[Items from a data source]
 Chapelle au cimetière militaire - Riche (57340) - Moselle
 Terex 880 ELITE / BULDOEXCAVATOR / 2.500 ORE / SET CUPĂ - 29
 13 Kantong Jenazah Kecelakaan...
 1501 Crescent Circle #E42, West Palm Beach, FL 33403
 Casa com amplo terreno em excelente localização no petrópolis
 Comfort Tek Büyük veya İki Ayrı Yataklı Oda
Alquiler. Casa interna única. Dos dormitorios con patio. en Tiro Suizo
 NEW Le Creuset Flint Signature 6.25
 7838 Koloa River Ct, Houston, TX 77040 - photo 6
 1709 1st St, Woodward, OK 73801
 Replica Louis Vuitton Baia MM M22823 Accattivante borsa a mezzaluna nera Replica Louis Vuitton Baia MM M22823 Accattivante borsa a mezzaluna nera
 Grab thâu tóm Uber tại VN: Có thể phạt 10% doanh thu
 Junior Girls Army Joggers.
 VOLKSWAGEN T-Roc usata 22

**Exercise**
Return, word for word, the lines from the one containing "Junior Girls Army Joggers." through the end of the data above, both ends included, and nothing else.

**Response**
 Junior Girls Army Joggers.
 VOLKSWAGEN T-Roc usata 22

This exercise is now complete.